British Literature at the Start of the Third Millennium

 

RUTH FAINLIGHT (b. 1931) is one of the major figures of Desperado poetry. The meaning of her poems lies in the intensity of each story, not in the fact that this story of a life happened to the poet herself.  She never claims the experiences described as autobiographical because it does not matter whom they belong to as long as they exist as poetry. Her poems create life as much as they record it. Ruth Fainlight is the perfect Desperado poet, who mingles fiction, poetry and drama, who speaks clearly about deep meanings (which are never spelled out in full), who impresses sharply and has the readers’ souls in thrall. We disapprove as we read, and the more we disapprove, the closer to the text we feel, because the text defies sympathizing. Ruth Fainlight is a difficult nature, both tender and harsh, both endearing and tantalizing.
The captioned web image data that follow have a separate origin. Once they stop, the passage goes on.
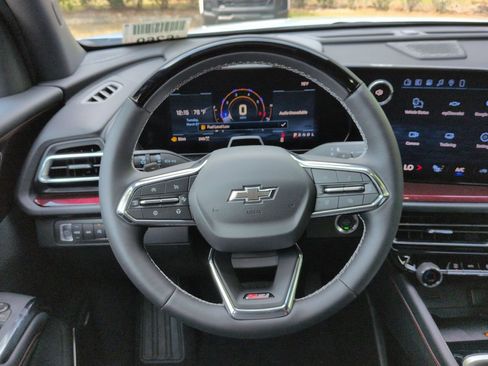 New 2026 Chevrolet Traverse Z71 w/ Enhanced Driving Package AWD/4WD image 11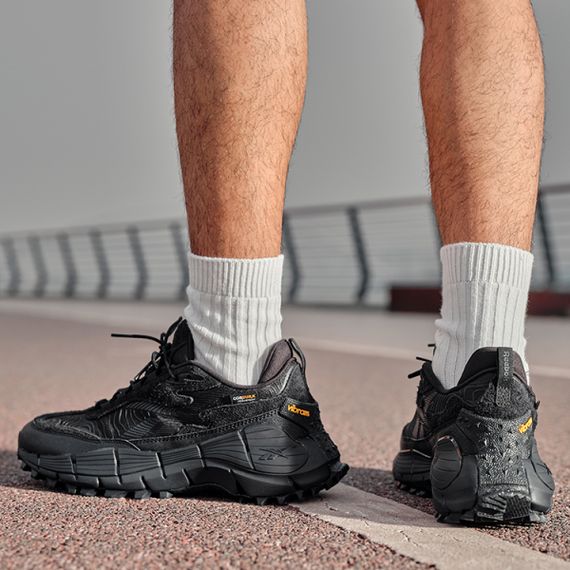 Reebok ZIG KINETICA 2,5 EDGE Бежевые кроссовки Низкие Черные Кроссовки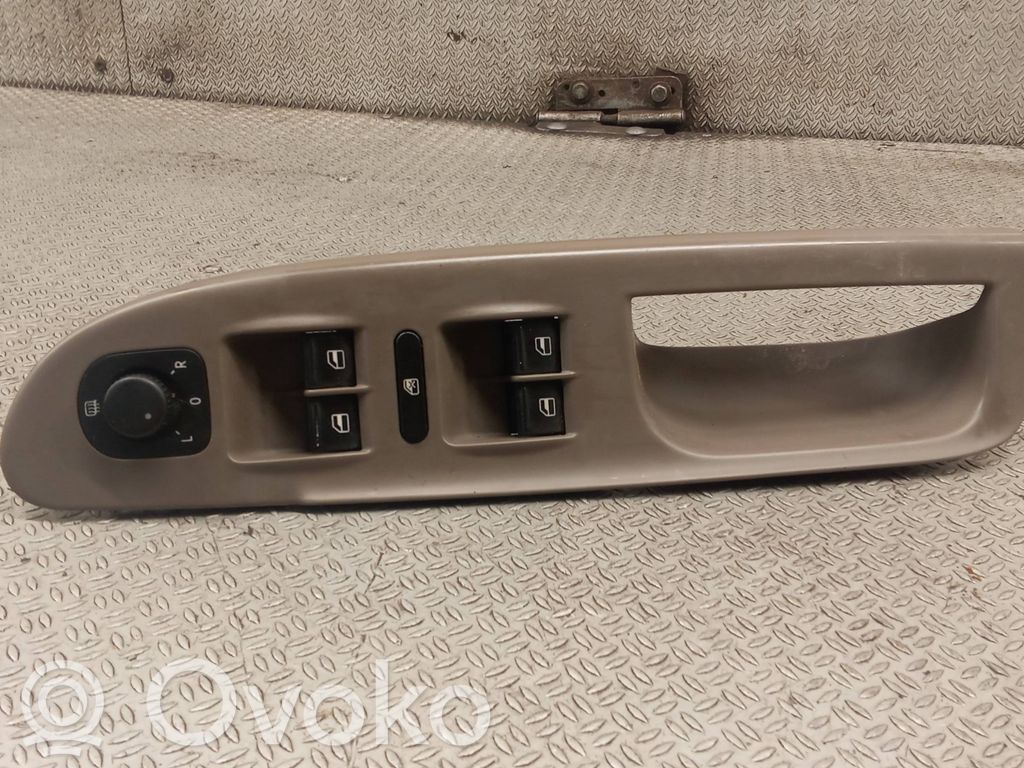 Electric window control switch   3C1867171B,1K4959857A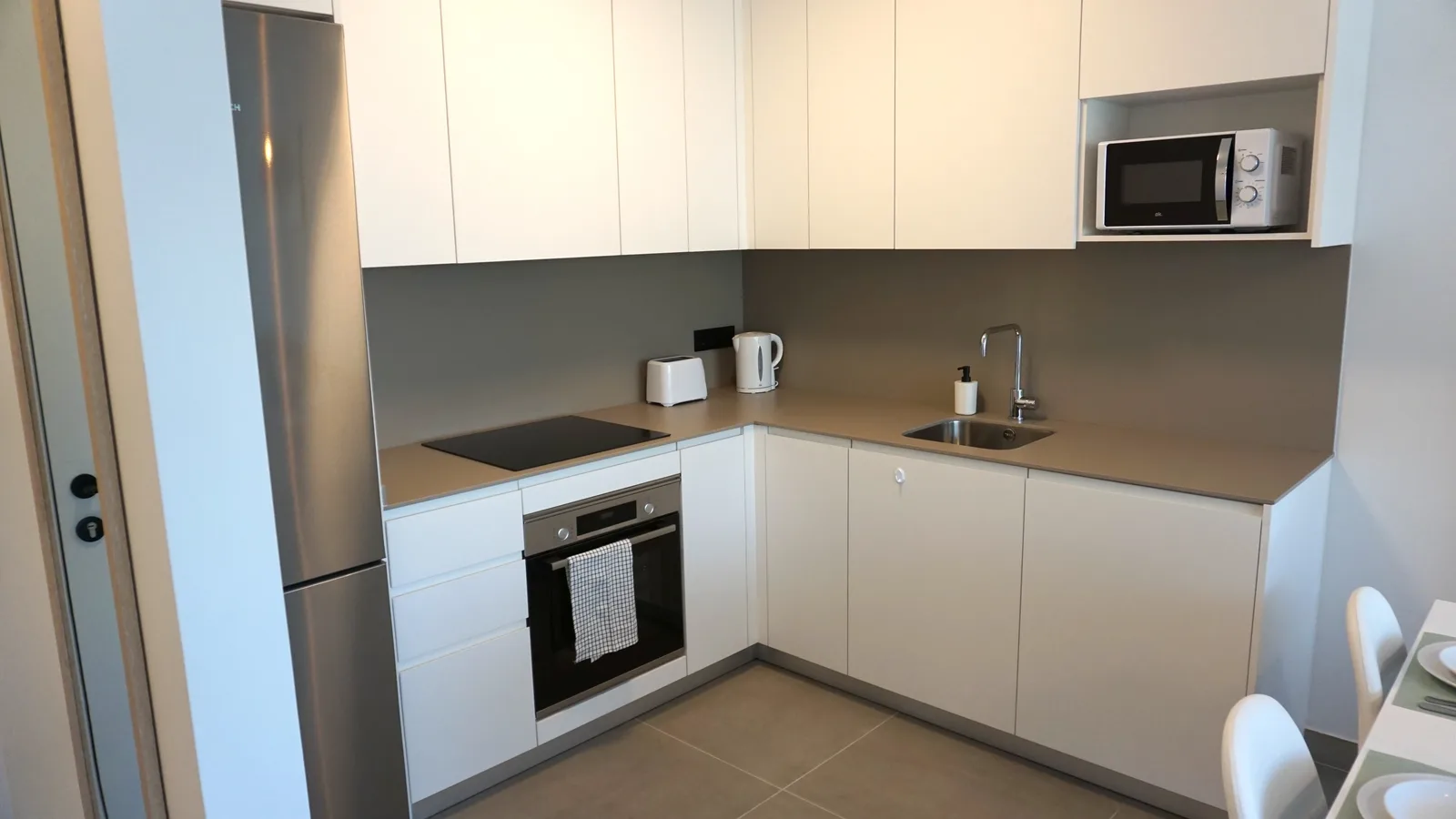 Atlantic Home - Two-Bedroom Premium Apartment — 6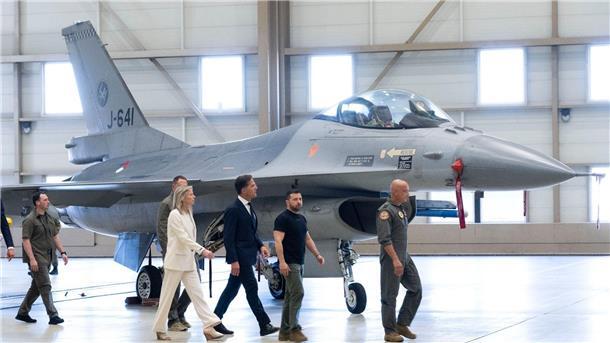 Dänemark und die Niederlande werden der Ukraine F-16-Kampfjets liefern.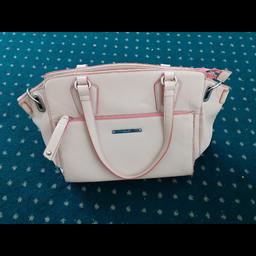 Ladies handbag from NINE WEST
Attractive pretty lining 
has shoulder strap
Only used once so in excellent condition 
FROM SMOKE & PET FREE HOME 
LISTED ELSEWHERE 
COLLECTION B31 OR B32 OR B14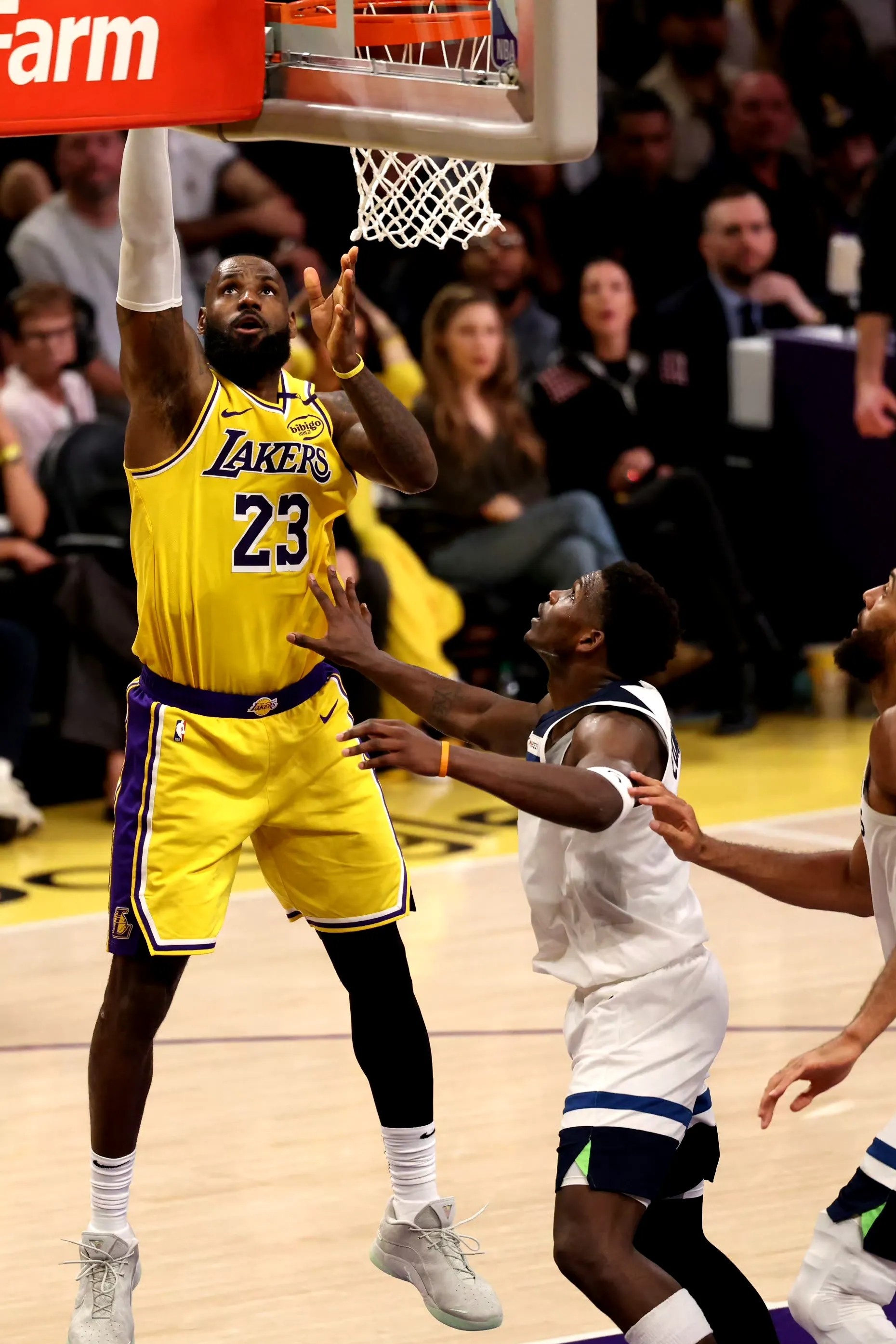 NBA湖人客场力克爵士(nba湖人客场力克爵士球员)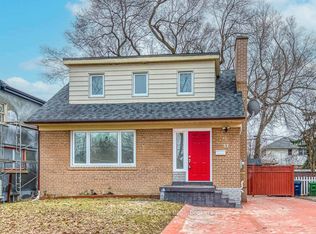 31 Genthorn Ave, Toronto, ON M9W 2S8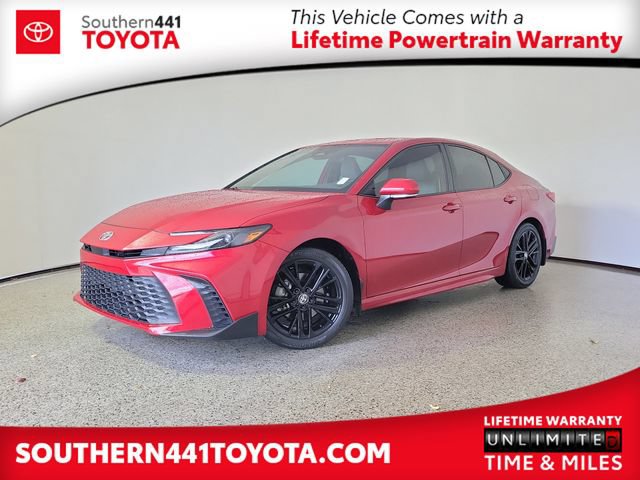 Used 2025 Toyota Camry SE FWD image 1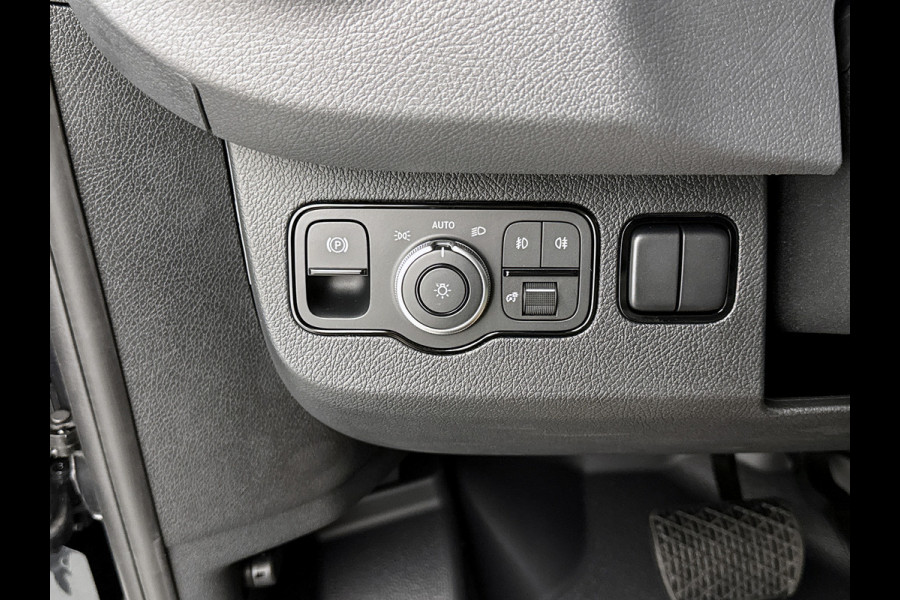 Mercedes-Benz Sprinter 319 CDI L2H2 Distronic 3500kg Trekhaak 360°camera Led Navigatie N1-registratie
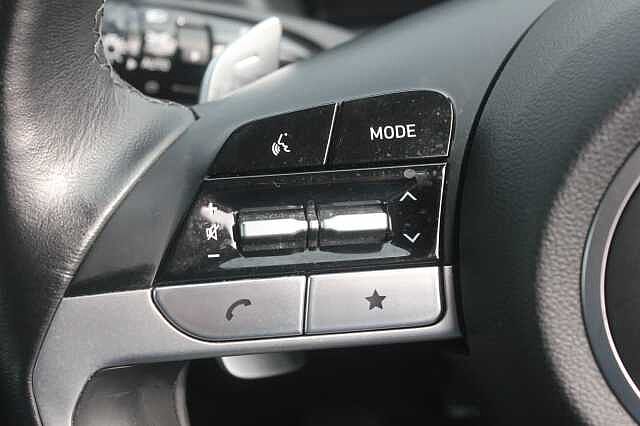 Hyundai TUCSON 1.6 TGDi Hybrid 230 Premium 5dr 2WD Auto Shimmering Silver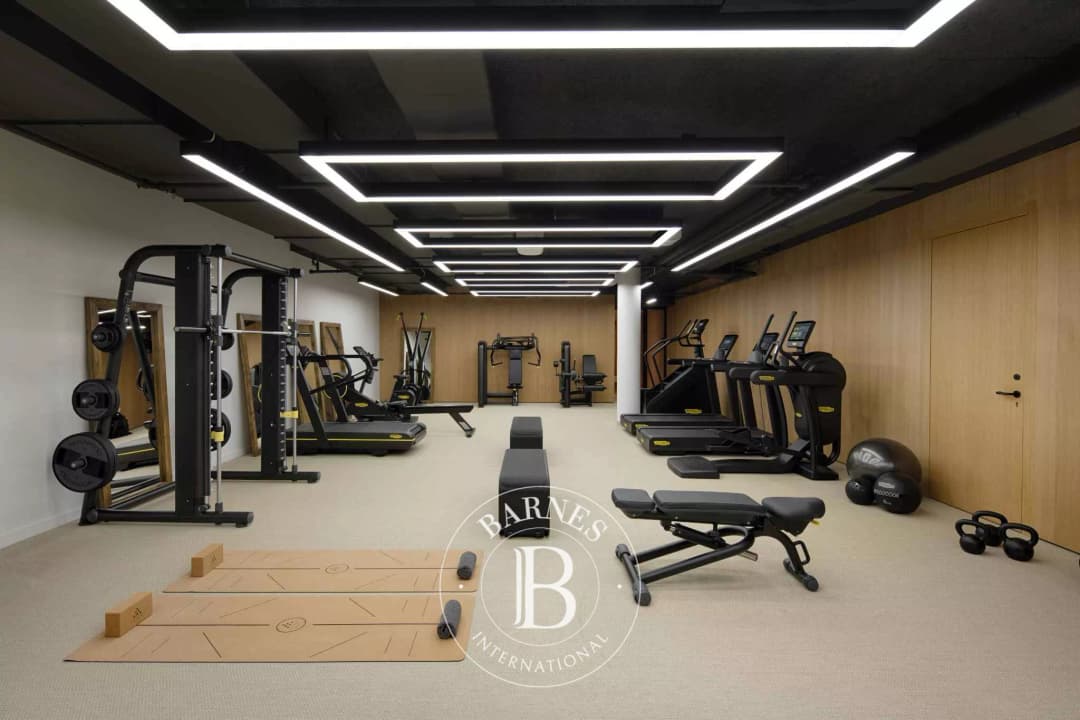 2175 – Appartement 3.5 pièces – 238 m²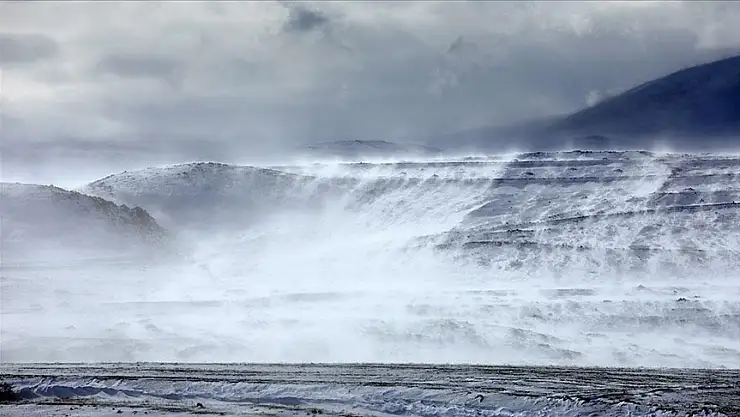 Aras Dağları'nda 'kar şelalesi'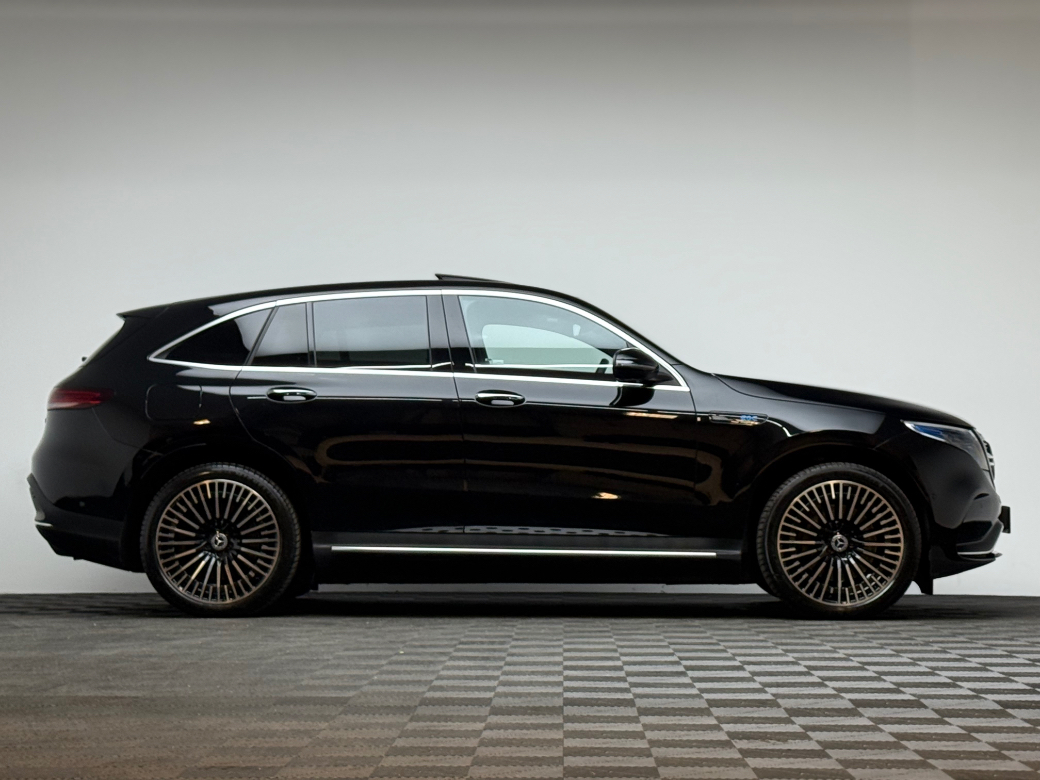 2023 Mercedes-Benz EQC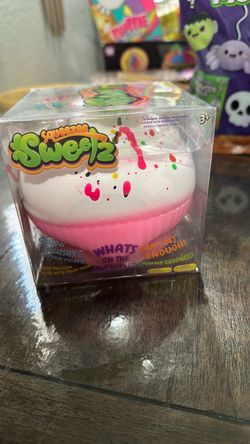 Squishy cupcake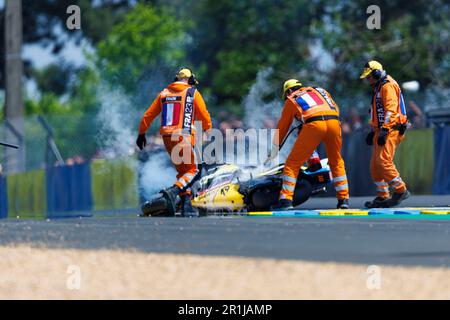 Le Mans, Pays de la Loire, France. 14th May 2023; Circuit de la Sarthe, Le Mans, Pays de la Loire, France; 2023 MotoGP SHARK Grand Prix de France Race Day: Number 10 Mooney VR46 Racing rider Luca Marini&#x2019;s bike after a crash during the race Credit: Action Plus Sports Images/Alamy Live News Stock Photo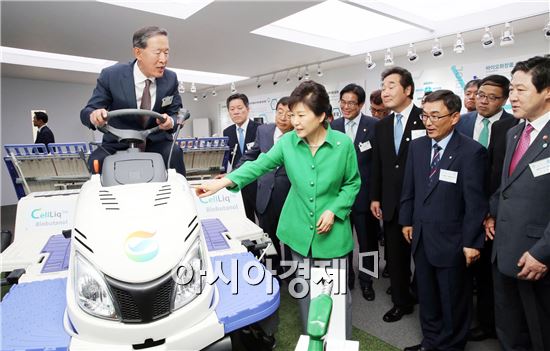 [포토]이앙기 살펴보는 박근혜 대통령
The poet has a taste for debunking (A Fairy Story), which applies both to imagination and reality. There are always two sides to the truth, or, as the poet puts it, happy endings have ‘unexpected consequences.’ The prince who kills the dragon and rescues a princess will not be satisfied with only one maiden, so he will go forth again and again, while

 

The rescued princesses compared

Sad stories, boasted of their sufferings,

Exaggerating the ordeal.

They dressed each othershair, changed

Robes and jewels, waited impatiently

To see the girl who next would join them.

 

This kind of discourse, half mocking and maybe a little more than half in earnest, does not go well with rhyme. I should say rhyme sometimes does not suit Ruth Fainlight’s need to contradict everything, including our expectations of the right word. Rhyme is too predictable for this poet who has her heart set on frustrating her reader. The end of this poem uses rhyme very much in Eliotian manner, with destructive irony:

 

A splendid tomb must be constructed:

Memorial to those princesses,

Obedient victims of his destiny.

The monument still stands, although

The castle fell to ruins long ago.

The knight died on a battlefield.

Their legend: fatalistic, gory,

Fit matter for a fairy story.

 

The poet is Vertical to the bitter end. Her poems betray strictly vertical morals and a totally uncompromising sense of values and relationships. Honesty is carried to its most absurd  limit. Honesty to the word has the same fate:

 

I am released by language,

I escape through speech;

Which has no dimensions,

Demands no local habitation

Or allegiance, which sets me free

From whomsoever's definition:

Jew. Woman. Poet.

 

The order of words in the last line is the order in which Ruth Fainlight describes the important elements of her life: race, gender, craft. I tend to say that, knowing her, the importance goes backwards, in fact. Poet comes first and Jew comes last. Womanhood is the middle support which brings a sense of balance and endurance, keeping the bridge of the being functional.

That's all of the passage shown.